Safira searah dengan Abbas, sedangkan empat rekan Abbas kea rah timur. Rumah itu sangat luas dan mewah, Safira dan Abbas menaiki anak tangga dengan posisi siaga dengan pistol ditangan keduanya.
Saat cukup jauh melangkah berjalan dan menemui kamar yang menjadi target, Safira langsung menendang pintu tersebut. Namun tak berhasil terbuka, dan membuatnya mendengus dengan kesal. Safira menatap Abbas yang menatapnya juga, dengan dingin.
“Bantu aku membukanya….” pinta Safira menatap Abbas tajam dan tanpa merendahkan nada suaranya.
“Kau meminta seperti memerintah.

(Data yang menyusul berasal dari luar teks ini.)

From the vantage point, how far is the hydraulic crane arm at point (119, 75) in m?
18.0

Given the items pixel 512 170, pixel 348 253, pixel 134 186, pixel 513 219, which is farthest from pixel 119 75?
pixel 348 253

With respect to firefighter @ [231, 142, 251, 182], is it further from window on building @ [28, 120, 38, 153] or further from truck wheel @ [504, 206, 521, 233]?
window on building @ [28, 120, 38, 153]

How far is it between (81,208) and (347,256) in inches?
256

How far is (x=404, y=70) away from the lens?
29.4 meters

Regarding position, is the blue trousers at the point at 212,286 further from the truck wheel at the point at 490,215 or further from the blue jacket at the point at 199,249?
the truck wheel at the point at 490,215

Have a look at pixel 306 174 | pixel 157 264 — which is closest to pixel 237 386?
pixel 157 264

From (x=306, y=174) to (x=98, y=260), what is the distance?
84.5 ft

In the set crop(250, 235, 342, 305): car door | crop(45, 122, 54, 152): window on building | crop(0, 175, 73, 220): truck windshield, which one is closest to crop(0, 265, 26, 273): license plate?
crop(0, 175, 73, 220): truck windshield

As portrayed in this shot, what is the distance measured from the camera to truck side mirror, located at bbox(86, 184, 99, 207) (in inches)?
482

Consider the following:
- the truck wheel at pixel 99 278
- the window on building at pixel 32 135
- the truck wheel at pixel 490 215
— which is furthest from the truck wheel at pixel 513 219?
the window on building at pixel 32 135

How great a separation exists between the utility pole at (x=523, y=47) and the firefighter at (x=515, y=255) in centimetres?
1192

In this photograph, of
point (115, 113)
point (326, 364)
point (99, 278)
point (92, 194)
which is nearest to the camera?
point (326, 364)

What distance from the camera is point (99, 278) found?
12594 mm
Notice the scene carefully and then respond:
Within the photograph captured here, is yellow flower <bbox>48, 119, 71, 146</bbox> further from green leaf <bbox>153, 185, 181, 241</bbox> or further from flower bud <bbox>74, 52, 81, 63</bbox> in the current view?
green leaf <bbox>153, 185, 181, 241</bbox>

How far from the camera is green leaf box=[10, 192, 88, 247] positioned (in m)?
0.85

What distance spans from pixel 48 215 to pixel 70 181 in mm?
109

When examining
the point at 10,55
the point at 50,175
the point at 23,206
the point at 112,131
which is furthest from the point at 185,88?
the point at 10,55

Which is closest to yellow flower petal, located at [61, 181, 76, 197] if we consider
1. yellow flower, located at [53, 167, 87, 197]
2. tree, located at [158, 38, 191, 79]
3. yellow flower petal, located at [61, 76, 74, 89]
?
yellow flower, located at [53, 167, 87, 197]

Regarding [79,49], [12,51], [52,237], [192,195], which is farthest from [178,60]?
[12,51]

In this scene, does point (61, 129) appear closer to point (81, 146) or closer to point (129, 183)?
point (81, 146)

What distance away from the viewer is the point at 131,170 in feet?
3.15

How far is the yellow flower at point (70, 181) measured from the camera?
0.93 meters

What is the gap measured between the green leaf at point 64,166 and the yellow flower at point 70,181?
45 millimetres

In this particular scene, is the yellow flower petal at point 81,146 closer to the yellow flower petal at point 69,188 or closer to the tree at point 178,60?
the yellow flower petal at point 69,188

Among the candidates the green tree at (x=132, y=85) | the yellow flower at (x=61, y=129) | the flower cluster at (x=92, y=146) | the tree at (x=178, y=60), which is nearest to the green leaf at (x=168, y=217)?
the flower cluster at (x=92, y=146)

Ingat, aku ini polisi dan kaptenmu…. Tatapan dan nada bicaramu, tidak mengartikan meminta tolong, lebih terlihat memerintahku….”
“Jaga sikapmu…. Kau hanya seorang bocah berumur belasan tahun, dan aku bisa saja menyingkirkanmu dengan mudah,” ucap Abbas dingin, menatap Safira dengan sinis.

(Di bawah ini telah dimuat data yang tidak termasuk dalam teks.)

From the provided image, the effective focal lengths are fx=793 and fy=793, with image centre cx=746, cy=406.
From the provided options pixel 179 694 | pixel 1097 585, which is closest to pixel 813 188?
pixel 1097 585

Dengan sekali tendangan, Abbas mampu mendobrak pintu kamar, dan membuat sang empu kaget melihat kedatangan orang tak dikenal.
“Kami sudah menemukan target,” ucap Safira melalui earphonenya.
“Siappp, kami mendengarnya…. Kami segera datang….” jawab empat polisi tersebut bergegas setengah berlari kearah barat mendekati kamar yang ditemui oleh Safira dan Abbas.
“Hay tuan yang terhormat…. maaf mengangu pestamu…. Bisa kah kami bergabung?” tanya Safira dengan tersenyum sinis, dengan posisi tangannya menodongkan pistol yang siap menembus kepala si target.
Hening…. Si target hanya menatap Safira dan ke lima polisi tersebut dengan tatapan tenang. Sedangkan lima polisi rekan Safira, hanya diam melihat tingkah Safira yang arogan, dan siap siaga melakukan penyerangan, jika diperlukan.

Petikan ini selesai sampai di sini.